Find it to Mind it

Taxonomies as Gap-Finders

Apr 20, 2026

Knowledge can be, like, hard to know itself and stuff.

∼ incorrectly attributed to Shakespeare

A fascinating book that almost no one ever finishes, Gödel, Escher, Bach (guilty!), plants a seed early about self-reference and incompleteness that has stuck with me. In essence: you cannot ever have a set that captures everything. The largest possible set still cannot contain itself.

Knowledge can only and always be imperfect and incomplete.

The less elegant but more practical impact of this reality: we can often be blind to key aspects of the information we are working with. These understandings can sit at an intuitive layer. They “make sense” so we don’t examine them. This treatment of information works fine, until it doesn’t.

So an important part of minding the gaps in information, so you don’t step into one, is finding the gaps.

One effective way we as content strategists, technical writers, and just information artists in general can find these gaps is to map out the categories of what we think we know. A great tool for this is taxonomy.

Taxono-what?

To avoid irony from the start, it’s good to clarify what we mean by taxonomy.

Taxonomy came into being as the science of naming, describing, and classifying living things. It has since been extended into information science, where it does similar work on ideas, documents, and data.

For us as information artisans, a taxonomy is a hierarchical system of classification that organizes information into categories and subcategories for our specific purposes.

This can help us in many ways. There is an infinite number of ways to organize information, in addition to not organizing at all. There are a finite number of ways to organize it usefully for specific tasks.

As Gödel’s theorem (very existentially useful even for non-mathematicians like many writers) suggests, it is useful to keep in mind that perfection is elegantly impossible. There is no perfect way to organize sets that cover everything.

Requiring a hierarchy is perhaps the most useful part of this. It enforces a division of information into more important and less important information, from the very start. You have to prioritize by definition.

This points toward a further practical aspect to keep in mind: what you deliberately don’t capture can be as important as what you do.
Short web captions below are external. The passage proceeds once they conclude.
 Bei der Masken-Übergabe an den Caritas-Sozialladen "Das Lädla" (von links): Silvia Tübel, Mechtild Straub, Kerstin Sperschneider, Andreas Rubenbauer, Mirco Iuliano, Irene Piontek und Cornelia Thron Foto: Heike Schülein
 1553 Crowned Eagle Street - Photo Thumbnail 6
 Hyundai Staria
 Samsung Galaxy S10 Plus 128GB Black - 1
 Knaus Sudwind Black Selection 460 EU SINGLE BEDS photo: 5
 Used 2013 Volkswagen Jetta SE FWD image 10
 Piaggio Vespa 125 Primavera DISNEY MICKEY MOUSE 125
In fact, excluding what isn’t needed for capturing is the worthy part of the same process.

OK, so how do we taxonomize (tm)?

One of the non-intuitive difficulties in creating a taxonomy is: where to start?

The ways to categorize systems are effectively infinite. Even accounting for the principle that you can’t make a set of all sets, the possibilities are still infinity minus one.
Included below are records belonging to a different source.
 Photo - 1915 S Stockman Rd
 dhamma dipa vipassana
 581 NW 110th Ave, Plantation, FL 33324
The flip side is that with this level of openness, almost any approach will be productive. Even if you end up with something quite far from what you started with, the most important thing is ending with a taxonomy that gives you what you need. Often by surfacing your gaps in the process.

Process in practice: my open source project Code-wiki (aka Docsy McDocsface)
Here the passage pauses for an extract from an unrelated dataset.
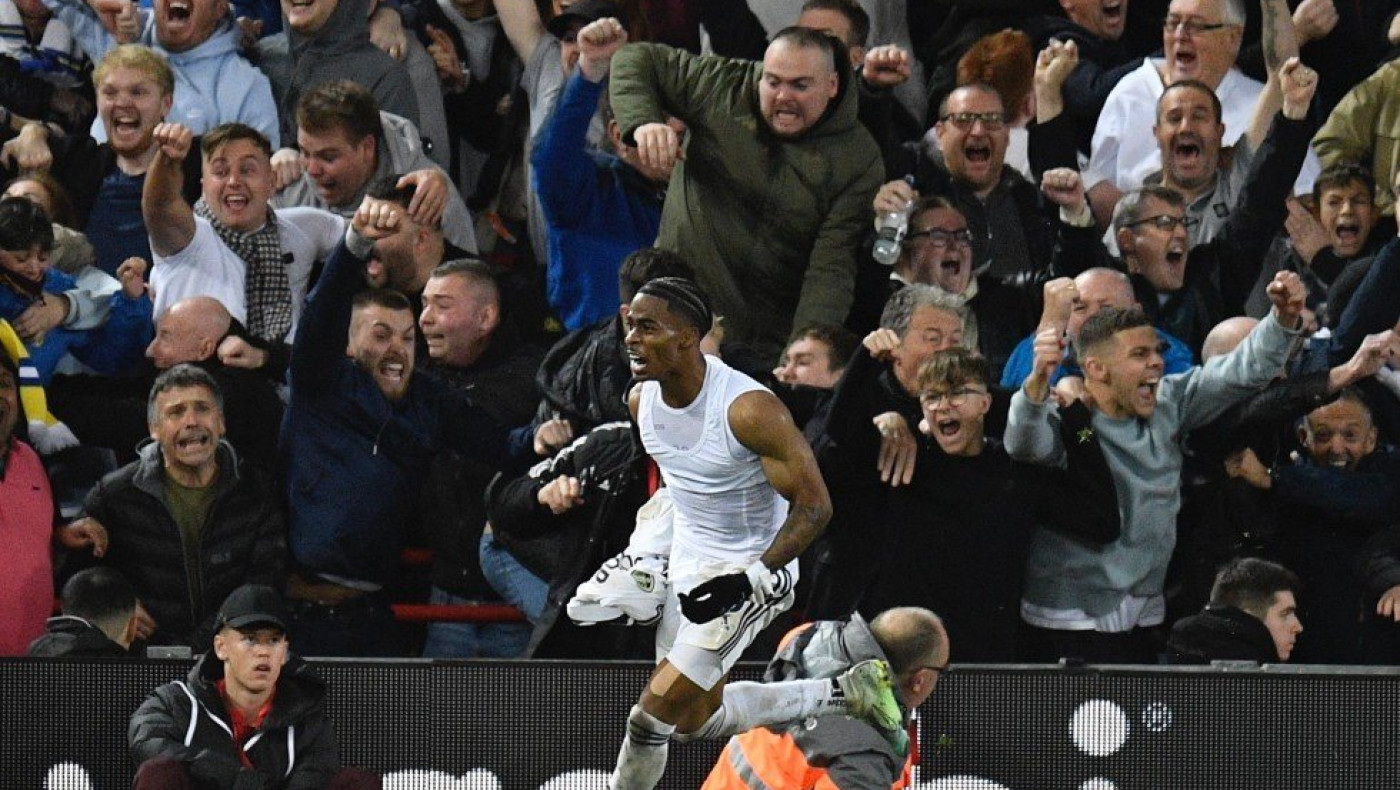 Η Λιντς πέταξε... έξω από το γήπεδο οπαδό της που χλεύασε τους φίλους της Λίβερπουλ για το Χίλσμπορο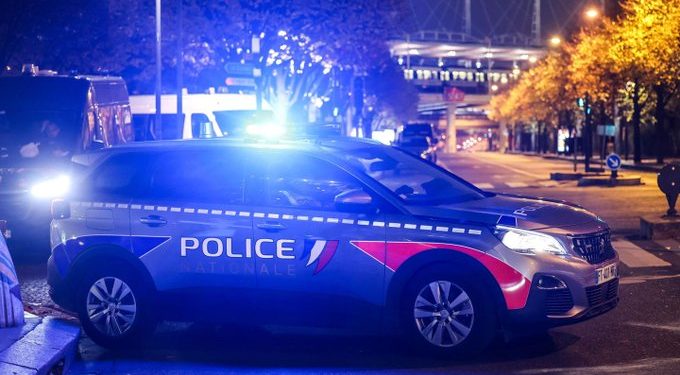 Hombre embiste a personas en bar en Francia: un muerto y varios heridos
Since I launched into vibe coding, both for personal interests and professionally, my GitHub repos have multiplied greatly. When they reached 30, including both public and private repos in various stages of development and release, I started feeling familiar pain from a new direction. I realized I was experiencing a lack of documentation from the developer and project manager side.

There also did not seem to be any app set up for my specific use case, including reading from and writing to both public and private repos. So I went full meta and vibe-code created Code-wiki, to help me document and keep track of all my other vibe-code projects. I made it proudly open source, which it still is, as a way to help others who might come across the same difficulties.

This helped resolve my difficulties for about a month.

When my app repo count reached over 50, new information complexities and needs emerged. What stages of release were most of my apps at? How many would never need to be further developed, including those that were superseded? Which methods and resources were ending up the most useful, and what languages and packages were showing up as easiest to implement?

Besides these questions taking up more time per project, they were also taking up paid token usage. My AIs were reading entire code bases, or even concentrated README.md files or threads, to answer these questions as needed on a per-project basis. Reinventing wheels.

I realized a taxonomy could help solve all of this. I could define all I currently needed to know about my apps, add in room for what could be of future use, and then use AI once across to apply that taxonomy to my entire set of public and private repos.

Once that was done, all my repos would be much easier for me and any agent to search. Cheaper in tokens, and cheaper in the willpower and focus I expend. It would also make it easier to create MCPs for further coding.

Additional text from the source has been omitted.